Hirashima Kenichi, Higuchi Yumi, Imaoka Masakazu, Todo Emiko, Kitagawa Tomomi, Ueda Tetsuya
Graduate School of Comprehensive Rehabilitation, Osaka Prefecture University, Habikino Campus, Habikino City, Osaka, Japan ; Faculty of Health and Welfare, Department of Physical Therapy, Tokushima Bunri University, Nishihamaboji, Yamashiro Town, Tokushima City, Tokushima, Japan.
Graduate School of Comprehensive Rehabilitation, Osaka Prefecture University, Habikino Campus, Habikino City, Osaka, Japan.
Clin Interv Aging. 2015 Apr 1;10:643-8. doi: 10.2147/CIA.S77432. eCollection 2015.
Dual-task methods, in which walking is the primary task, are not sufficient for accurately screening for the risk of falls among healthy older adults. Therefore, the goal of this research was to investigate whether using a dual-task method over an extended walking distance can predict falls among community-dwelling older adults.
We enrolled independent community-dwelling adults aged ≥65 years. Physical performance, cognitive function, psychological function, and a dual-task test were assessed at baseline. Our dual-task test required the subjects to walk 60 m while stepping over lines. The intervals between the lines ranged from 50-100 cm and were unequal. Falls and fall-related injuries were measured over a 12-month follow-up period using monthly postal surveys.
Ninety-two of 118 subjects (mean age, 75.4±5.5 years) completed the 12-month follow-up. Sixteen (17.4%) of fallers had injurious falls or fell more than or equal to two times. There were no significant differences between the fallers and non-fallers, except in age and in the number of missteps during the dual-task test when walking ≥40 m. The Kaplan-Meier analysis revealed that those who had more than one misstep while walking ≥40 m had a significantly higher incidence of injurious or multiple falls than those who had no missteps.
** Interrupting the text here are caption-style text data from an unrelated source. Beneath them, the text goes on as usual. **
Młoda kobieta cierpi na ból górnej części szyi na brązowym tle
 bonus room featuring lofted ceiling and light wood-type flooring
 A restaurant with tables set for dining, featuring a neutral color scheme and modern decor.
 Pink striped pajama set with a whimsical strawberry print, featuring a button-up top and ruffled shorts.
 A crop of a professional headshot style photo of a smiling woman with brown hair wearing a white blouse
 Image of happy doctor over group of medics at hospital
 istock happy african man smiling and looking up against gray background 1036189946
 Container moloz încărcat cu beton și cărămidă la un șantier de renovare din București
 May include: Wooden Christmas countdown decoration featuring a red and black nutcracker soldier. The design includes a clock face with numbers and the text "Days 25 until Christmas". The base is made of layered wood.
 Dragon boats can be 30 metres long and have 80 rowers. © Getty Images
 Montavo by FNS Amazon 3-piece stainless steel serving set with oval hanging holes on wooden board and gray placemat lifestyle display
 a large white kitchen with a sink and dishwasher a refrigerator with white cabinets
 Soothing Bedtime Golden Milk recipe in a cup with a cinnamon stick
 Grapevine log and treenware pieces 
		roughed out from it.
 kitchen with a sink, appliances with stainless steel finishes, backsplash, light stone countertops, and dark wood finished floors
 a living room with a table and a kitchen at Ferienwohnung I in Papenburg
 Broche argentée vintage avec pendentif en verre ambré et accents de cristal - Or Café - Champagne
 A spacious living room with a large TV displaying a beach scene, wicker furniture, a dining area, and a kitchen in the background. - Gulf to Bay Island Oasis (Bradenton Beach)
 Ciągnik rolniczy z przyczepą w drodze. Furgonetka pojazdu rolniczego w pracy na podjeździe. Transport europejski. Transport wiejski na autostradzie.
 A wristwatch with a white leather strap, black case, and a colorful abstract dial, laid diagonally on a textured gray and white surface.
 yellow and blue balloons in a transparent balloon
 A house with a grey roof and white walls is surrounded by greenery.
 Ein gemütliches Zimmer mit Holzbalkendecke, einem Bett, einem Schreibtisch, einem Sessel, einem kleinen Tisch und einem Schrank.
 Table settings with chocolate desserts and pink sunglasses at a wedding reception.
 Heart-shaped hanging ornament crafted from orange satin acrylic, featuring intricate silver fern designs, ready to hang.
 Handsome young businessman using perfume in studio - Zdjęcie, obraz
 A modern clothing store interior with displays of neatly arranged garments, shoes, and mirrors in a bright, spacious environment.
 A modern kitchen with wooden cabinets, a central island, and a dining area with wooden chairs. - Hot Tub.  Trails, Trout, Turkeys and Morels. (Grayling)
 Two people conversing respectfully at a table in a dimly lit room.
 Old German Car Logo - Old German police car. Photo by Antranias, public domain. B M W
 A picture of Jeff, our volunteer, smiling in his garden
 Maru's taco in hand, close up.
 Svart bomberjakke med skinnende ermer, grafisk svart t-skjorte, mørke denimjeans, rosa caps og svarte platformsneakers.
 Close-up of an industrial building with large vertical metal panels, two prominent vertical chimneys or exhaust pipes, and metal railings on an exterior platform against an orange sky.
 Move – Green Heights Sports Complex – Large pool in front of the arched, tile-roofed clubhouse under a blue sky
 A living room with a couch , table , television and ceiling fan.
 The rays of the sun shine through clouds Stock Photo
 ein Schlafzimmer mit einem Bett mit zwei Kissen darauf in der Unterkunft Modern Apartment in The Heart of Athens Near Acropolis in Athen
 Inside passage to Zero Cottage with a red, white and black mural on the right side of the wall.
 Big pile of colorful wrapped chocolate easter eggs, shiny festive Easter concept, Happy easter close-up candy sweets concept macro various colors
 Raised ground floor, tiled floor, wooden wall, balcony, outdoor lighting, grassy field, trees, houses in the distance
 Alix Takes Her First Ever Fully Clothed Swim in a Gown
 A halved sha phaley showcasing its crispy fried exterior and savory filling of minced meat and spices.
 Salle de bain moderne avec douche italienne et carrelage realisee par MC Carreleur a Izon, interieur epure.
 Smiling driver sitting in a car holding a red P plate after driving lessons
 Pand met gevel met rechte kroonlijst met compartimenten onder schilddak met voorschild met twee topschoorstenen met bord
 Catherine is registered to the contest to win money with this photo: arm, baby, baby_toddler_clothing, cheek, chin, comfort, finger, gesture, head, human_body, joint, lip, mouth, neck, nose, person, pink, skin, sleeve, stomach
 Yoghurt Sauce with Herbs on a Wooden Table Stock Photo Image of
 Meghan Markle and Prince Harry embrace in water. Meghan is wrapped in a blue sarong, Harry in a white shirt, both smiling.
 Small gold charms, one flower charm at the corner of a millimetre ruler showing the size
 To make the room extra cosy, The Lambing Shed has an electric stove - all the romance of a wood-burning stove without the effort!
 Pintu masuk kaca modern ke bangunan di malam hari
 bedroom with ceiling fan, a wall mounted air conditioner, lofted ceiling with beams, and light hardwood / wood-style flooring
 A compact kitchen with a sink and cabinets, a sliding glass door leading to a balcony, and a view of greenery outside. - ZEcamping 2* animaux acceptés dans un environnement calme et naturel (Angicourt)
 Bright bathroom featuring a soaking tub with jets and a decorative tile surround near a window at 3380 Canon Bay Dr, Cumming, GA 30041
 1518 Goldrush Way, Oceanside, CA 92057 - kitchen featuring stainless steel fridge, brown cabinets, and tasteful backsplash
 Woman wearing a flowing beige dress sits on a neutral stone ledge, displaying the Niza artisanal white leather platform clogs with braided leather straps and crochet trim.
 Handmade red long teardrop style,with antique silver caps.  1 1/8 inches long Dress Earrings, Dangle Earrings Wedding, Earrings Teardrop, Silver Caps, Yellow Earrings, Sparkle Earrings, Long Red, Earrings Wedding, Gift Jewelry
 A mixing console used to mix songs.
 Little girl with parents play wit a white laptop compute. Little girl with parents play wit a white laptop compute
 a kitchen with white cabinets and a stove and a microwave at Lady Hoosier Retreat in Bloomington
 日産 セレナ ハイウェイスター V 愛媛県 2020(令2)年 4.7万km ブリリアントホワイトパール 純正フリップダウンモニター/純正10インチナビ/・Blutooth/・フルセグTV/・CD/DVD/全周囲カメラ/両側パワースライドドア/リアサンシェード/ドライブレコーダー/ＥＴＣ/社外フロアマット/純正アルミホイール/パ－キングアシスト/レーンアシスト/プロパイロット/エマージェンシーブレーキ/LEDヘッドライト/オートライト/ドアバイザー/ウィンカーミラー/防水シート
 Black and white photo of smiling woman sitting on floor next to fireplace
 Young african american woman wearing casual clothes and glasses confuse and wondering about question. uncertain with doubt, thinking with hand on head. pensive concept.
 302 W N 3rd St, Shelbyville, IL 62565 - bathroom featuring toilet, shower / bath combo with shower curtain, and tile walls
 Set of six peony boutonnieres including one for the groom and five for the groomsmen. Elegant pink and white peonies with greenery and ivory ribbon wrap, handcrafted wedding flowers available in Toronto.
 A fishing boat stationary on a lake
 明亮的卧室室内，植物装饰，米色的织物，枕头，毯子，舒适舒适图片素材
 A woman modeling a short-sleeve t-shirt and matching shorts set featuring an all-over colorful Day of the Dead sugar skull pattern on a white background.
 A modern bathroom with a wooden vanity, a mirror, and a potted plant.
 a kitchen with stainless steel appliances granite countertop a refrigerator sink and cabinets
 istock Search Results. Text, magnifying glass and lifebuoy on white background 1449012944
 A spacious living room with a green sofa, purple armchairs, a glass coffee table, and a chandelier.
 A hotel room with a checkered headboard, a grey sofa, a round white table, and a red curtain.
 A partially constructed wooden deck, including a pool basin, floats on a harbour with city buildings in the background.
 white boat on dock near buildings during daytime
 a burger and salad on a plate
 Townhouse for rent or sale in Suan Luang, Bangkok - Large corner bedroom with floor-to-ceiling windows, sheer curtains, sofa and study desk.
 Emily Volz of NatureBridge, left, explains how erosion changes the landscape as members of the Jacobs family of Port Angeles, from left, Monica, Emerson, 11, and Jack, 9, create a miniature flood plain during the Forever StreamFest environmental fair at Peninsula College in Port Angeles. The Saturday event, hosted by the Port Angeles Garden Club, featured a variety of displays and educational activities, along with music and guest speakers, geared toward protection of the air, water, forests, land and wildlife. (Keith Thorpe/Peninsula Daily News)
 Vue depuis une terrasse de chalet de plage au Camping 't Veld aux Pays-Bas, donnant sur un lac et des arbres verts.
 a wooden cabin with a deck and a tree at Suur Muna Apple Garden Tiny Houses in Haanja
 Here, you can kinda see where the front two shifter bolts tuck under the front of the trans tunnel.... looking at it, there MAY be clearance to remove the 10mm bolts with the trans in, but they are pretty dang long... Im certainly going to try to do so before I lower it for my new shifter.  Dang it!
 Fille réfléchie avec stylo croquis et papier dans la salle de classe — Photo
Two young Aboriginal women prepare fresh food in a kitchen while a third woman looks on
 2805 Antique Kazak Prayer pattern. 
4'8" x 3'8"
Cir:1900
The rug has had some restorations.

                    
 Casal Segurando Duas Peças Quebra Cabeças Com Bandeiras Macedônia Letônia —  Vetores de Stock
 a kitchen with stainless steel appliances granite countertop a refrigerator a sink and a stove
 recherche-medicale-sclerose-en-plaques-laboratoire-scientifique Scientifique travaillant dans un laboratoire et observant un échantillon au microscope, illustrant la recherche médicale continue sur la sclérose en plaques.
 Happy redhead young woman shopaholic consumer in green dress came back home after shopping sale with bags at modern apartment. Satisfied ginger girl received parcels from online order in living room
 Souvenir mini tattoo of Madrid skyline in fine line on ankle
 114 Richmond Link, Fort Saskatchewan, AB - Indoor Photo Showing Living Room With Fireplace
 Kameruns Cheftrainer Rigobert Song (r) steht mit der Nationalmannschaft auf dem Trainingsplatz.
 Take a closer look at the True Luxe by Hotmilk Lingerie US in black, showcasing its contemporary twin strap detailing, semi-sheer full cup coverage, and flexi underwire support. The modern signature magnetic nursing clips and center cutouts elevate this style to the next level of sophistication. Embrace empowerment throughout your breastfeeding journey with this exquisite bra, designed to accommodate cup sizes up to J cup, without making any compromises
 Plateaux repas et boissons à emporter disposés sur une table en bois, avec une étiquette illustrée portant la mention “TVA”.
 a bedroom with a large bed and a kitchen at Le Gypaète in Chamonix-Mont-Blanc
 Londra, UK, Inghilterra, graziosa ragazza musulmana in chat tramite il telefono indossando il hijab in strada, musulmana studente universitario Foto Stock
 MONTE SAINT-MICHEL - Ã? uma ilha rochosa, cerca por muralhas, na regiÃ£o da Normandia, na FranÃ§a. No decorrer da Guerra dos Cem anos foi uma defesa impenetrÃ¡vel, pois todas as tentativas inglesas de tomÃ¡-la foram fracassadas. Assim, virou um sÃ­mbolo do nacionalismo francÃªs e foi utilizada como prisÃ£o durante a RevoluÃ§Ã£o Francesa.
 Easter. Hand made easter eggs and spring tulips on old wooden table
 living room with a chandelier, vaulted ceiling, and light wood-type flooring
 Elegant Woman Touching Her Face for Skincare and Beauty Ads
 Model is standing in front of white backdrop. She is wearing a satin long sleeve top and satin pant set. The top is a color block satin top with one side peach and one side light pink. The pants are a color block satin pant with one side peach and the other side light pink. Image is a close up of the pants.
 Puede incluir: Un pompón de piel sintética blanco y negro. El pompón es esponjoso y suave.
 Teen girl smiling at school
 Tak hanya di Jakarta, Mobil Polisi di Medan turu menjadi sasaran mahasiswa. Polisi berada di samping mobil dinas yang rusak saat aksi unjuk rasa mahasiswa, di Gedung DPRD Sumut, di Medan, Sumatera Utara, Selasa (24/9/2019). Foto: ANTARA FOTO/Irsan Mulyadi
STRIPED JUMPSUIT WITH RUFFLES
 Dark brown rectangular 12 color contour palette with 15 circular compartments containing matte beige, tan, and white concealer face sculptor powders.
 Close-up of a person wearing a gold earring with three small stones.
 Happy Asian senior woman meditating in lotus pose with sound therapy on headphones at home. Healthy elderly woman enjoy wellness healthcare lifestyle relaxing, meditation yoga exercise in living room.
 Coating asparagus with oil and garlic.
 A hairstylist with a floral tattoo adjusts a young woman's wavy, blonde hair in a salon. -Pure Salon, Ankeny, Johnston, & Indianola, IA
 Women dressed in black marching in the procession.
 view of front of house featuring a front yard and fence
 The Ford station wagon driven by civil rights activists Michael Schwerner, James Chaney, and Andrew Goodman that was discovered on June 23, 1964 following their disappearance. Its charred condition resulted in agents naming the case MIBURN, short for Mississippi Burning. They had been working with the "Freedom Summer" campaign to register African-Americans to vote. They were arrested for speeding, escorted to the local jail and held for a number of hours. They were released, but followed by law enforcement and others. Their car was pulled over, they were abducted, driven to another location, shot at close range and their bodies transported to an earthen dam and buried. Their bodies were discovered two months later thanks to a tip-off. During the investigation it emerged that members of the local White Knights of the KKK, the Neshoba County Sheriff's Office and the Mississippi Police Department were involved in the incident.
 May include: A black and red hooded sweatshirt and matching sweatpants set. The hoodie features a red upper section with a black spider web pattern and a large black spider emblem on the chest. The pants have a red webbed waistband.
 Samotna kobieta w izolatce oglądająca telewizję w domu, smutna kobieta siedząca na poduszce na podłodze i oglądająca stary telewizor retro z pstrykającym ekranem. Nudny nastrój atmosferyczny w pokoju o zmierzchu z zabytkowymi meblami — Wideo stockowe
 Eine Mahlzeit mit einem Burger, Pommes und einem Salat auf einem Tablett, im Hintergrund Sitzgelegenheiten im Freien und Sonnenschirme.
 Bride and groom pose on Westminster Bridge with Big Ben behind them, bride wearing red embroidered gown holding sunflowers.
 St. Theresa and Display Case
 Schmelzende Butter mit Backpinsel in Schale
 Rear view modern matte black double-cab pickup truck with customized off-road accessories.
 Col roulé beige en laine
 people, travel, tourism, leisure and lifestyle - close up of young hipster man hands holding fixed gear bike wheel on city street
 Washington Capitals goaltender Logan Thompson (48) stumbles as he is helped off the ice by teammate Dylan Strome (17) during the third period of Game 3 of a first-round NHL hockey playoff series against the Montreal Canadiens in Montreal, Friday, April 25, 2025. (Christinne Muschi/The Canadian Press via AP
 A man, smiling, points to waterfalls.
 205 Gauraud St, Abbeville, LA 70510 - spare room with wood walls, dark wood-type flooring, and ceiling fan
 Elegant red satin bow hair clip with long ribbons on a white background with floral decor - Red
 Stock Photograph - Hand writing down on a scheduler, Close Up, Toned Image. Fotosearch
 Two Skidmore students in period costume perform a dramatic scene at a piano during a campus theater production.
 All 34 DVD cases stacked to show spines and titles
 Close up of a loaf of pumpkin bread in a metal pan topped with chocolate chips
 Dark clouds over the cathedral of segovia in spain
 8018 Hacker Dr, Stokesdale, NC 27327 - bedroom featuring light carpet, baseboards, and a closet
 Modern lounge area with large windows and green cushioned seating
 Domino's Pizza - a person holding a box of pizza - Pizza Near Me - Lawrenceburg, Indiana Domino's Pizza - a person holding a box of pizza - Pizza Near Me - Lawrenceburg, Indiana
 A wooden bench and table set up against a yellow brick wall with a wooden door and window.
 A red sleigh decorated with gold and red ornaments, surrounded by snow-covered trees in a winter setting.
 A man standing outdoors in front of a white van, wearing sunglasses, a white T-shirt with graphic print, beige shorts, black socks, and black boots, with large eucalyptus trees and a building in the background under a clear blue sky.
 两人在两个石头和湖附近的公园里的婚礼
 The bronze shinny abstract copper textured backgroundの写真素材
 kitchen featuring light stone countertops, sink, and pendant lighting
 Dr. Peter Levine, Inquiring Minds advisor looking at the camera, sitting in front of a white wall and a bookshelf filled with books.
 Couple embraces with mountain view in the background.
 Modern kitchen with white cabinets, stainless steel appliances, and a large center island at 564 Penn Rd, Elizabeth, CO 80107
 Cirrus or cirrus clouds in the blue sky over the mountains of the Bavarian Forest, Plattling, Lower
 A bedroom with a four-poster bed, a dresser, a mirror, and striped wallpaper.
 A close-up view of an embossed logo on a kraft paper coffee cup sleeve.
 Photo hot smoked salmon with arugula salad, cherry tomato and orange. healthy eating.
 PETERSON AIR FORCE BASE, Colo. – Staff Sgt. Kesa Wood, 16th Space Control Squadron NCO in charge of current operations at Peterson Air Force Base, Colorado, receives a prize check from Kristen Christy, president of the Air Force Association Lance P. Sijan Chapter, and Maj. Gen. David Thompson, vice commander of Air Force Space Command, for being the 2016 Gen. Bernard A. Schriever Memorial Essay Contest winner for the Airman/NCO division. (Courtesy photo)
Our findings suggest that the dual-task method with an extended walking distance may be able to predict falls among community-dwelling older adults.
以行走为主要任务的双任务方法不足以准确筛查健康老年人的跌倒风险。因此,本研究的目的是调查在更长的行走距离上使用双任务方法是否能够预测社区居住老年人的跌倒情况。
我们纳入了年龄≥65岁的独立社区居住成年人。在基线时评估身体功能、认知功能、心理功能和一项双任务测试。我们的双任务测试要求受试者在跨过线条的同时行走60米。线条之间的间隔为50 - 100厘米,且不相等。在为期12个月的随访期间,通过每月的邮政调查来测量跌倒及与跌倒相关的伤害。
118名受试者中的92名(平均年龄75.4±5.5岁)完成了12个月的随访。16名(17.4%)跌倒者发生了有伤害性的跌倒或跌倒次数≥2次。跌倒者和未跌倒者之间没有显著差异,除了年龄以及在双任务测试中行走≥40米时的失足次数。Kaplan-Meier分析显示,在行走≥40米时失足次数超过一次的人发生有伤害性跌倒或多次跌倒的发生率显著高于没有失足的人。
我们的研究结果表明,延长行走距离的双任务方法可能能够预测社区居住老年人的跌倒情况。